I haven't looked for work in about 2 years. I'm lucky enough to get referrals
these days.

------
mohsinr
I would say find a niche in your skill set, and then only do projects in that
niche, while you are waiting for the projects, write tutorials about the nice,
be the person whose blog comes up at google for related queries in that niche.
Release free code/template/anything in that niche, let people use that and
come to you for more.

------
CyberFonic
You don't give details as to how much experience you have nor where you are
located. Both these would assist HN readers to give you more pertinent advice.

In many contexts "consultant" is somebody who has specialist knowledge in some
area and is able to advise / guide the client to accomplish a desired outcome.

A contractor, on the other hand, is somebody with a specific skill-set who
undertakes to produce and deliver some deliverable to the client's
specification / requirements.

Unless you are already known for in demand skills, you need to prospect for
work. Yes, it is selling and many of the other comments here have great
suggestions on how to do the marketing.

In my experience, you need to work in a job to build up your skills,
experience and contacts. Without that background you are probably only going
to get small jobs and take a long time to build up your profile to be demand
for the better paying gigs.

------
gearoidoc
I built an app (www.hipsterceo.com) to gain attention - make sure you focus at
least 50% of your time on marketing to get your name out there.
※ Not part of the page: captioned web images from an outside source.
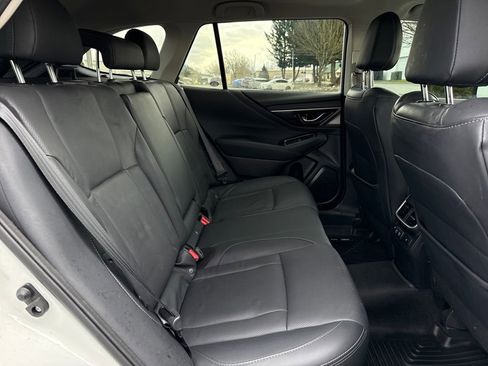 Used 2022 Subaru Outback Limited image 12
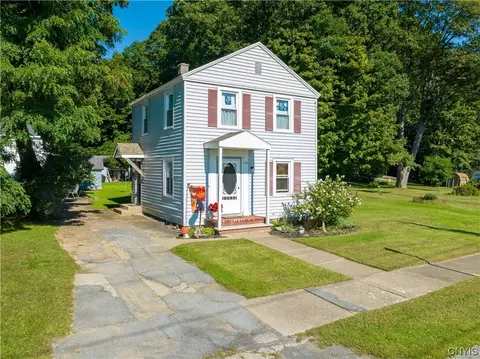 603 S 7th St, Fulton, NY 13069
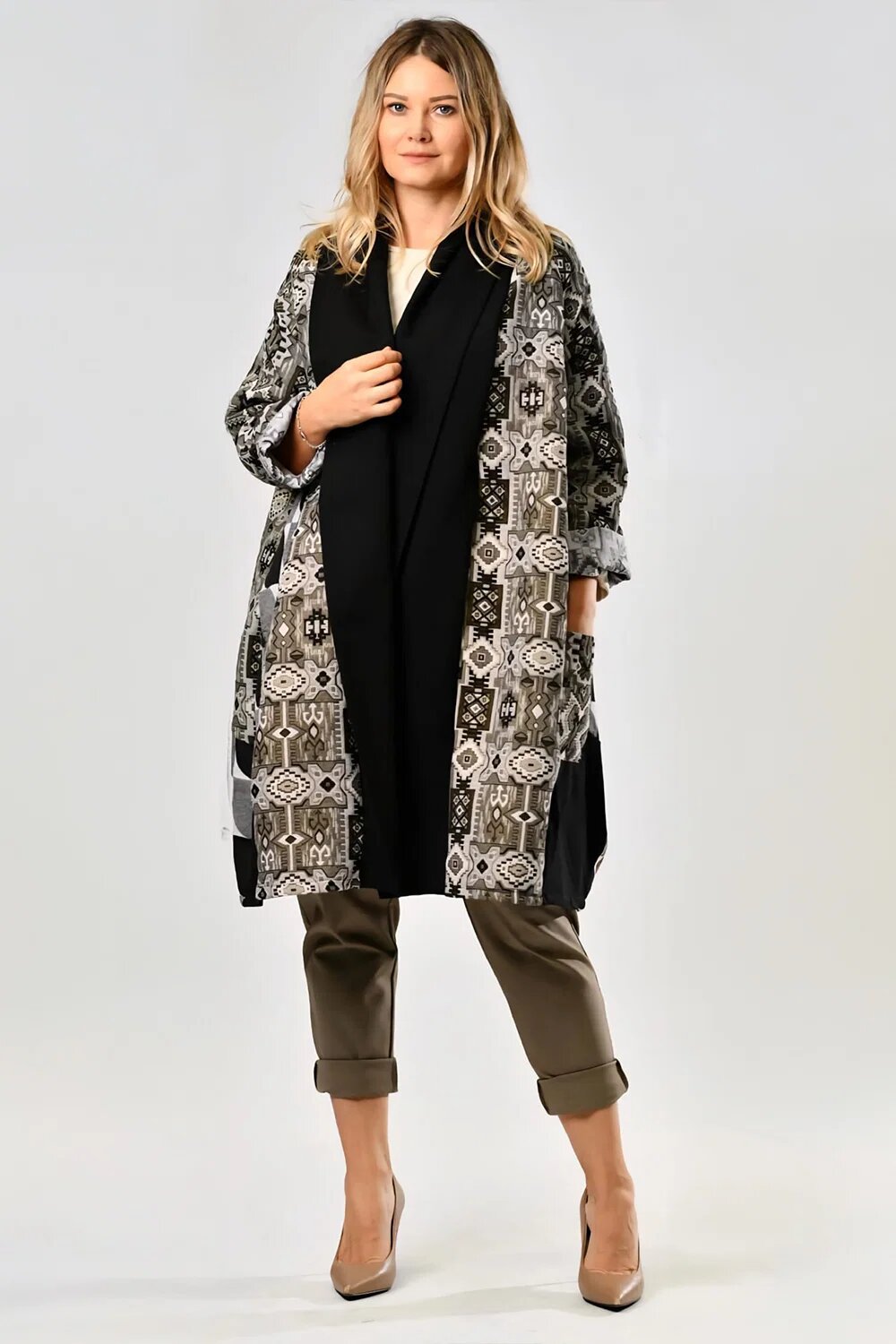 Shopika Cardigan oversize patchwork cu motive jacquard panou negru si croi lejer stil urban-chic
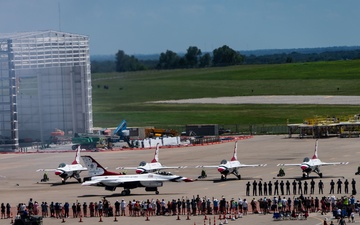Thunderbirds Perform at Tinker Air Show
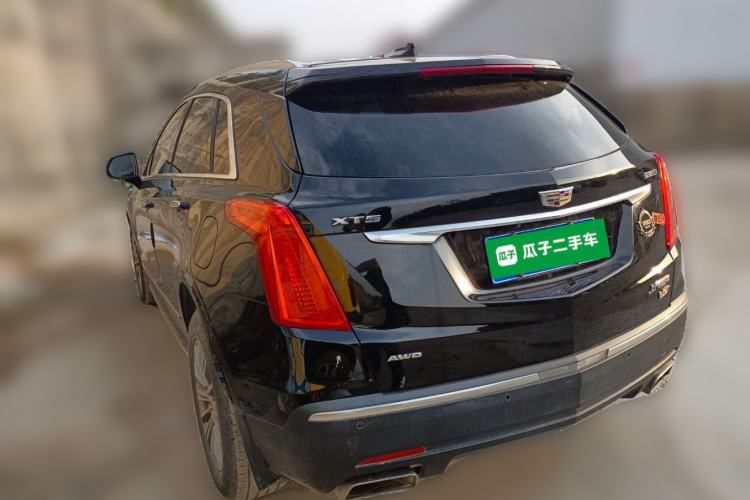 Used Cadillac XT5 2016 28T Four-Wheel Drive Luxury Model Rear Left 45 Deg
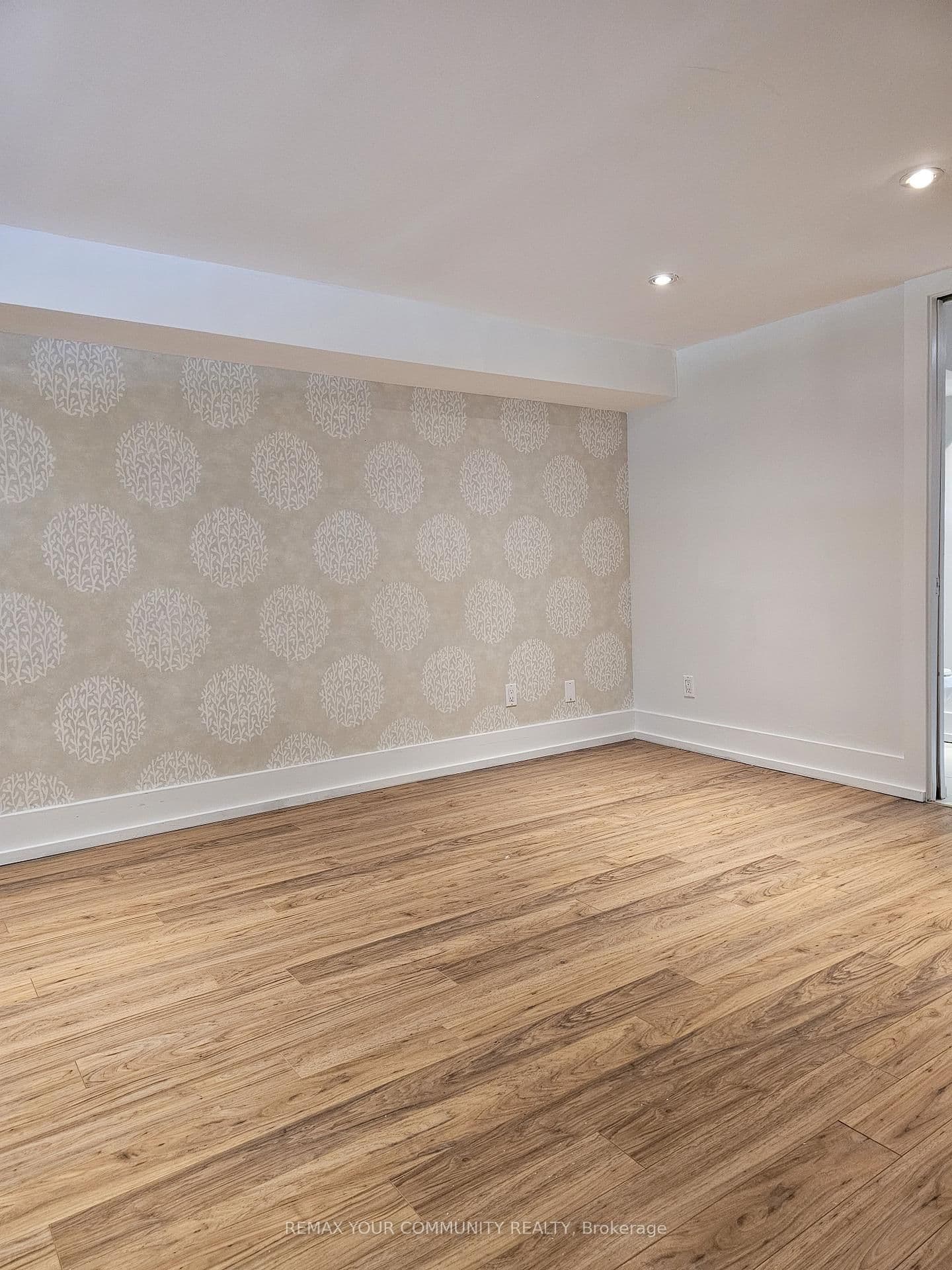 222 Patricia Avenue, Unit Basement thumbnail 9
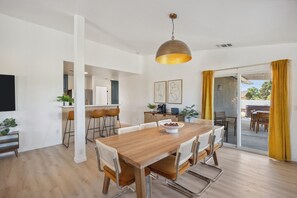 House, 3 Bedrooms | Dining - Tangerine House - Hot Tub, Fire Pit, Bbq! 3 Bedroom Home by RedAwning (Joshua Tree)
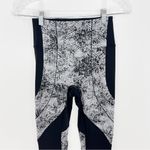 Lululemon  Sweat & Repeat Tight in Serigraph Starlight Black Multi Size 4 Photo 4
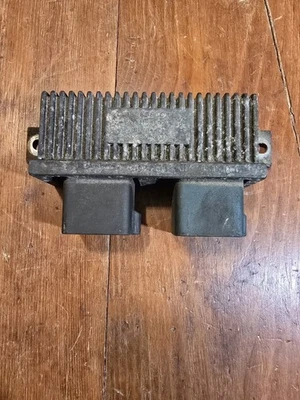 2009 Ford Diesel Glow Plug Module Relay Switch Powerstroke 6.0L 6.4L 7.3L OEM - Image 1 of 3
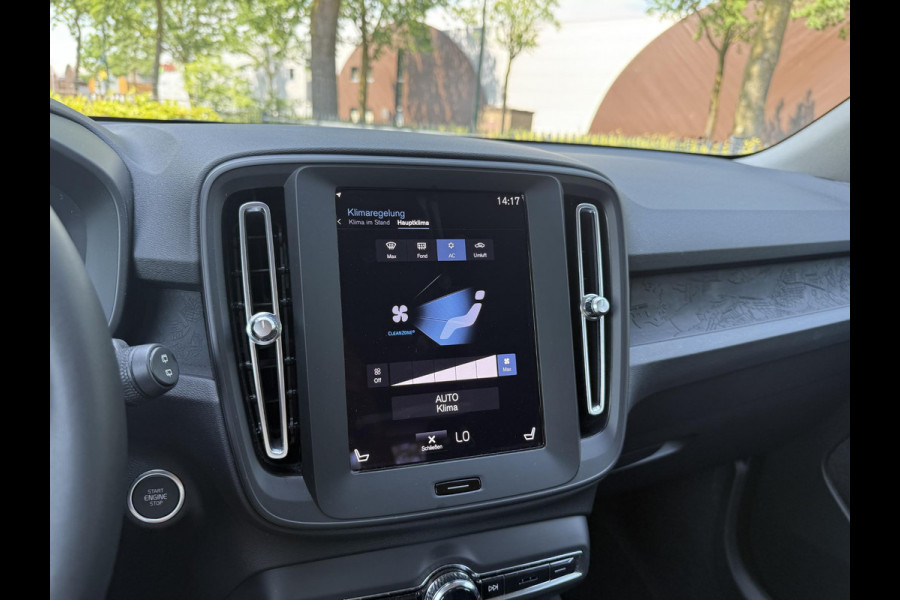 Volvo XC40 1.5 T2 Essential VAN: 32.900,- VOOR: 30.877,- UW WKVOORDEEL: 2.023,-| WINTERPAKKET STOEL + STUURVERWARMING| CARPLAY| ACHTERUITRIJCAMERA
Don't be
afraid to be controversial.

My experience with elance/odesk is pretty terrible. Focus on quality not
quantity clients (even in the early days).

Nothing wrong with taking a full time job and doing said contracts on the side
either - so long as the client understands, of course. And once you've built a
portfolio app/site on the side then they'll have some degree of confidence in
your ability to deliver.

------
brudgers
Consultants are just high-falutin contractors. Contractors subcontract. Since
consultants are easier to identify than other qualified leads, subcontracting
is a good way to start. It will also help you see the business from Texas
inside.

Good luck.